# Data for analysis

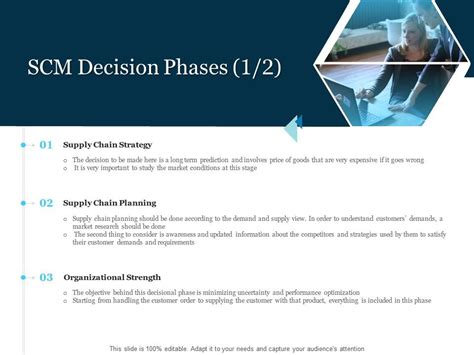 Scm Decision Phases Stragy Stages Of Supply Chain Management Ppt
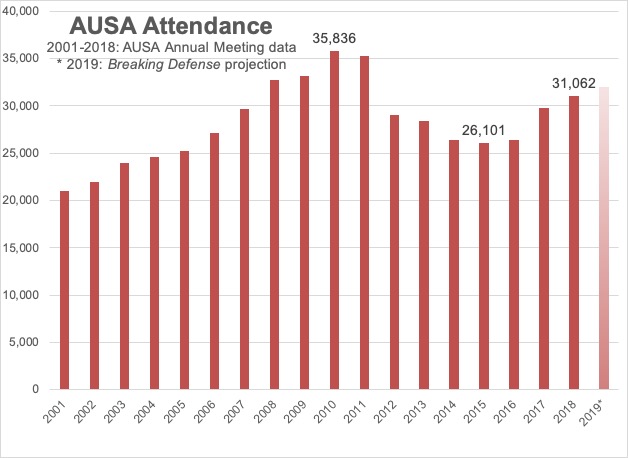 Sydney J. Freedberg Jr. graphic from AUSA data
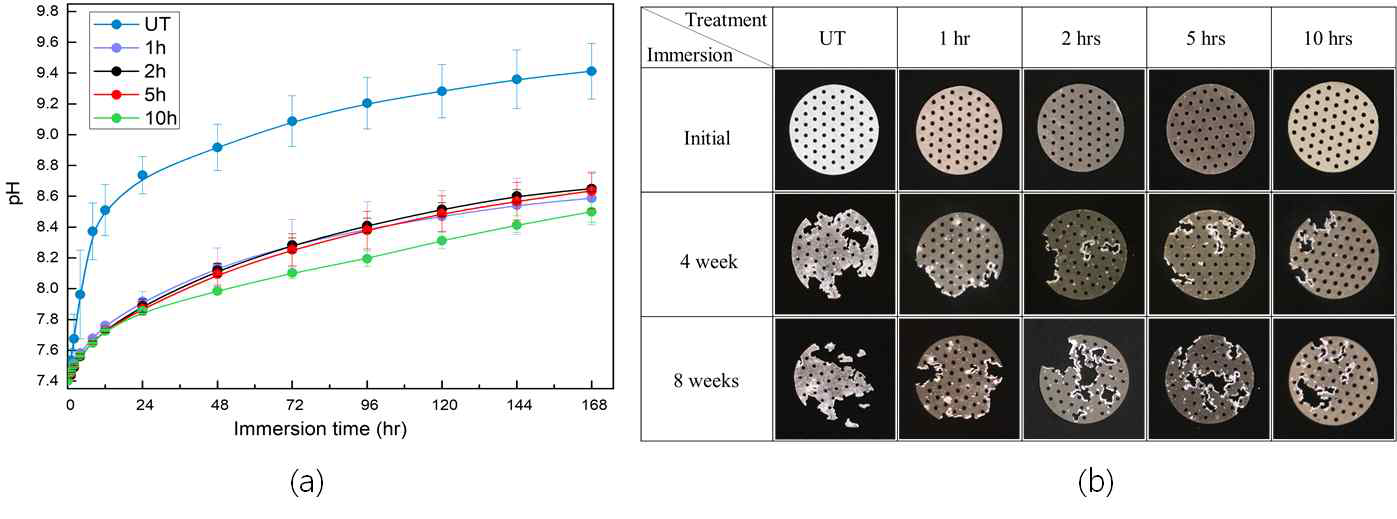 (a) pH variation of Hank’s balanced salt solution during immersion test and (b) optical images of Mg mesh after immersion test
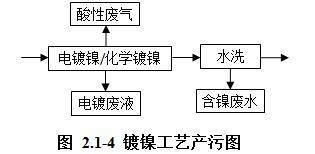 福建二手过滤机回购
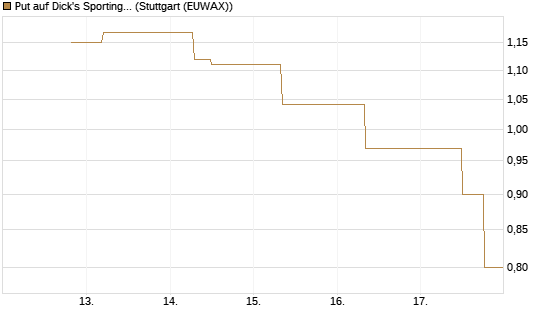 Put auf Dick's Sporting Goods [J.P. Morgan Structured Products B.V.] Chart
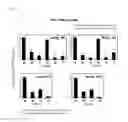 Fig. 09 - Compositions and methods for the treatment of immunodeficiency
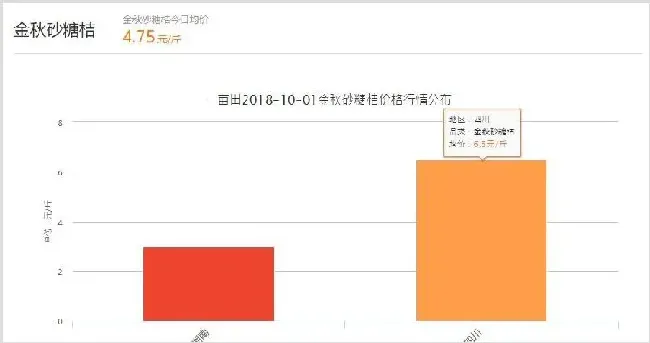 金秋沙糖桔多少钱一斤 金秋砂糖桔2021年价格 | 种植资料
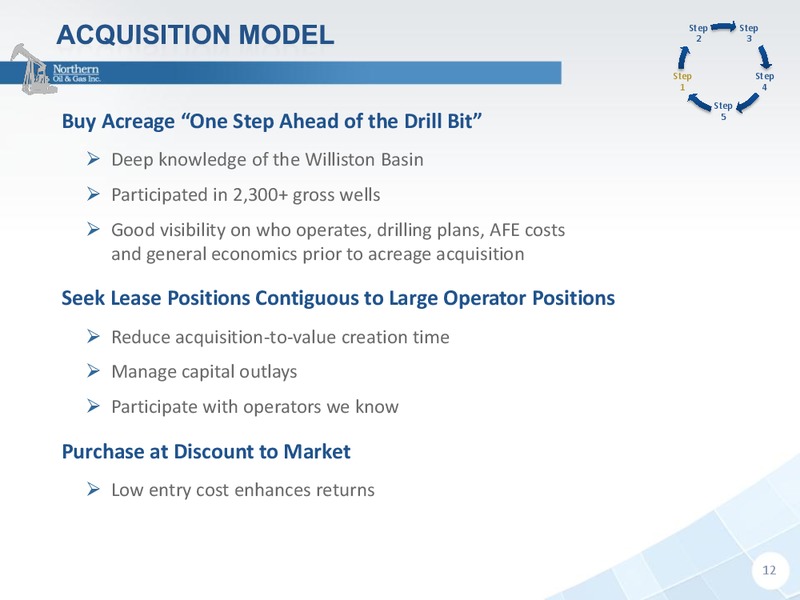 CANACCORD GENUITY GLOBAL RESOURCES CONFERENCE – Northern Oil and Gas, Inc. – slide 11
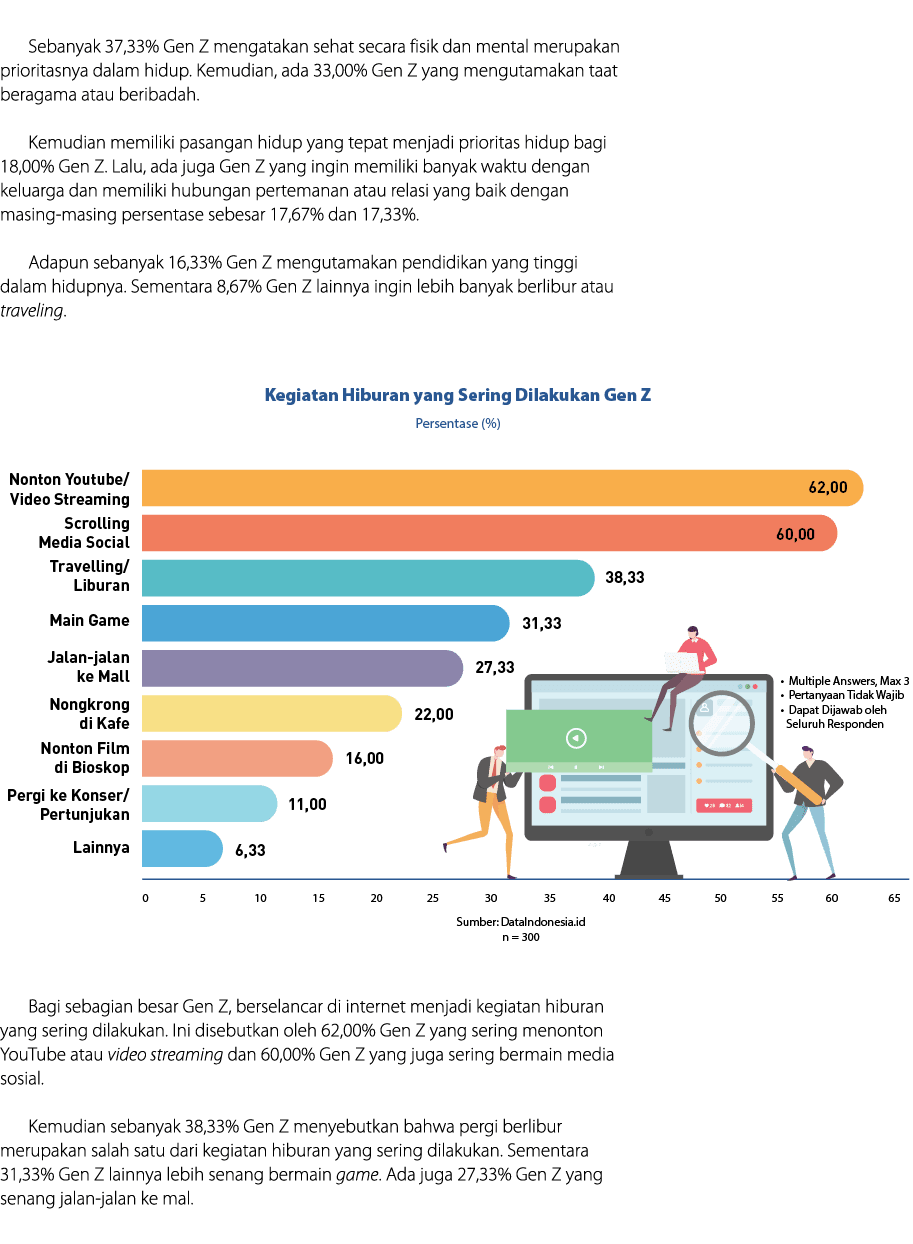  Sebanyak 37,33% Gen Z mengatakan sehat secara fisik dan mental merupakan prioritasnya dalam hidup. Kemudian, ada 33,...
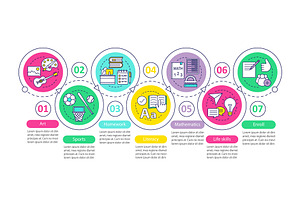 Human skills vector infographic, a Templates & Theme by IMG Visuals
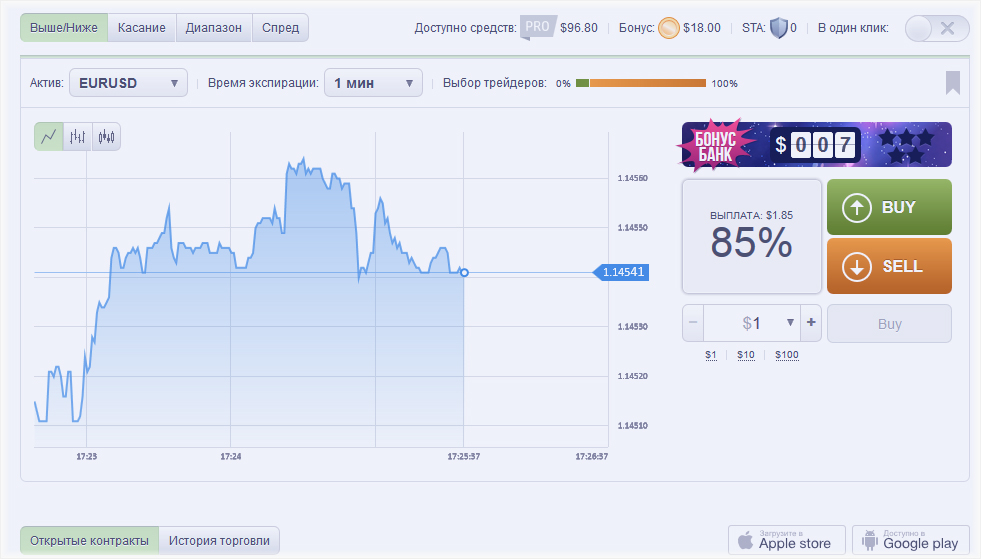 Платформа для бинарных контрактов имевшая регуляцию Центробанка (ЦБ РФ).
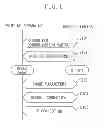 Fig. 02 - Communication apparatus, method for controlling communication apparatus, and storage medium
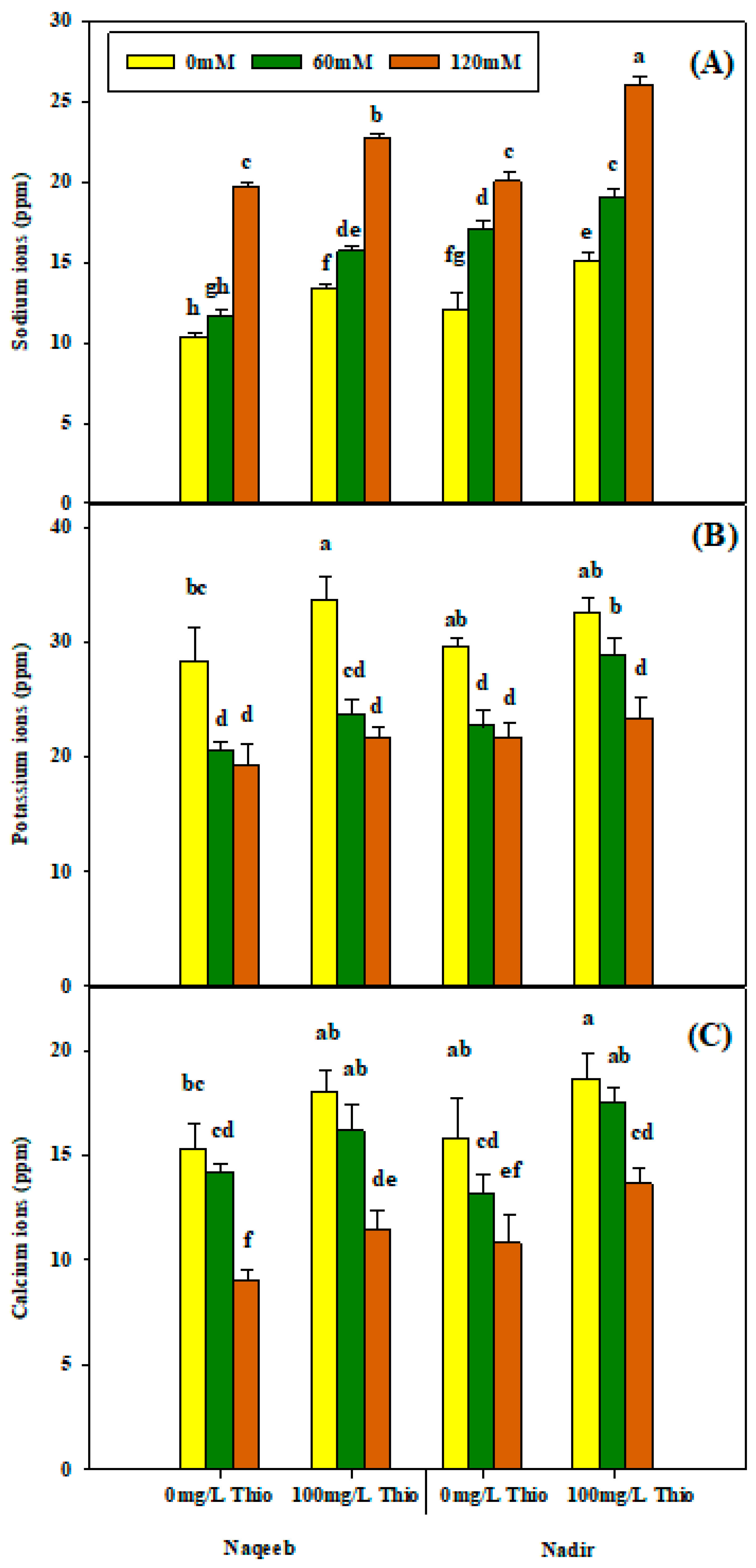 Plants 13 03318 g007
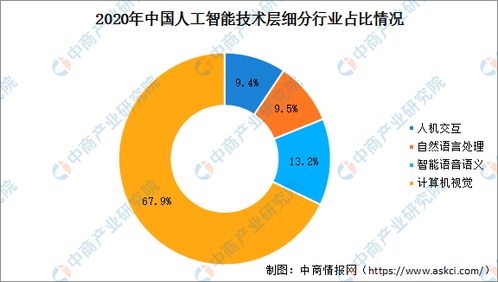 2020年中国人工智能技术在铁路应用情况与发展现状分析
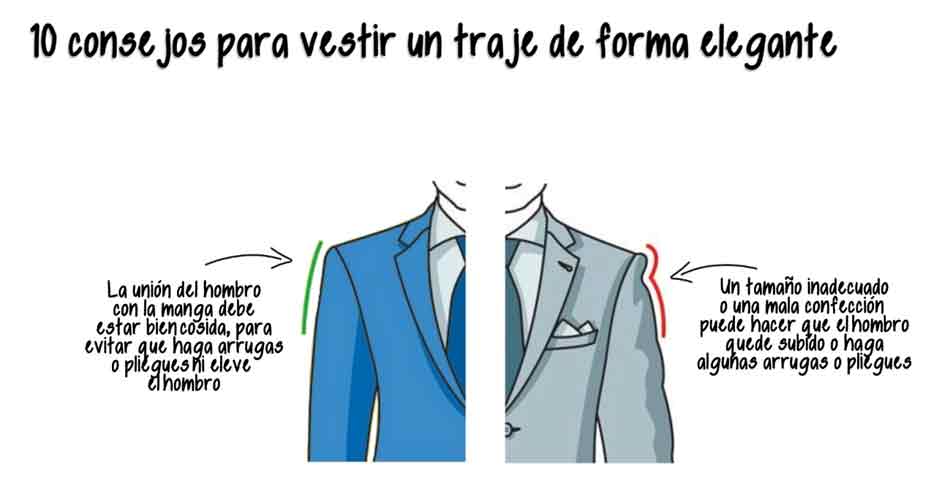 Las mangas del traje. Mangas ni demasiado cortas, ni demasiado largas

# Task to carry out
Write down the full listing above exactly as it is, except for any images.

# Response box
 Scm Decision Phases Stragy Stages Of Supply Chain Management Ppt
 Sydney J. Freedberg Jr. graphic from AUSA data
 (a) pH variation of Hank’s balanced salt solution during immersion test and (b) optical images of Mg mesh after immersion test
 福建二手过滤机回购
 Put auf Dick's Sporting Goods [J.P. Morgan Structured Products B.V.] Chart
 Fig. 09 - Compositions and methods for the treatment of immunodeficiency
 金秋沙糖桔多少钱一斤 金秋砂糖桔2021年价格 | 种植资料
 CANACCORD GENUITY GLOBAL RESOURCES CONFERENCE – Northern Oil and Gas, Inc. – slide 11
  Sebanyak 37,33% Gen Z mengatakan sehat secara fisik dan mental merupakan prioritasnya dalam hidup. Kemudian, ada 33,...
 Human skills vector infographic, a Templates & Theme by IMG Visuals
 Платформа для бинарных контрактов имевшая регуляцию Центробанка (ЦБ РФ).
 Fig. 02 - Communication apparatus, method for controlling communication apparatus, and storage medium
 Plants 13 03318 g007
 2020年中国人工智能技术在铁路应用情况与发展现状分析
 Las mangas del traje. Mangas ni demasiado cortas, ni demasiado largas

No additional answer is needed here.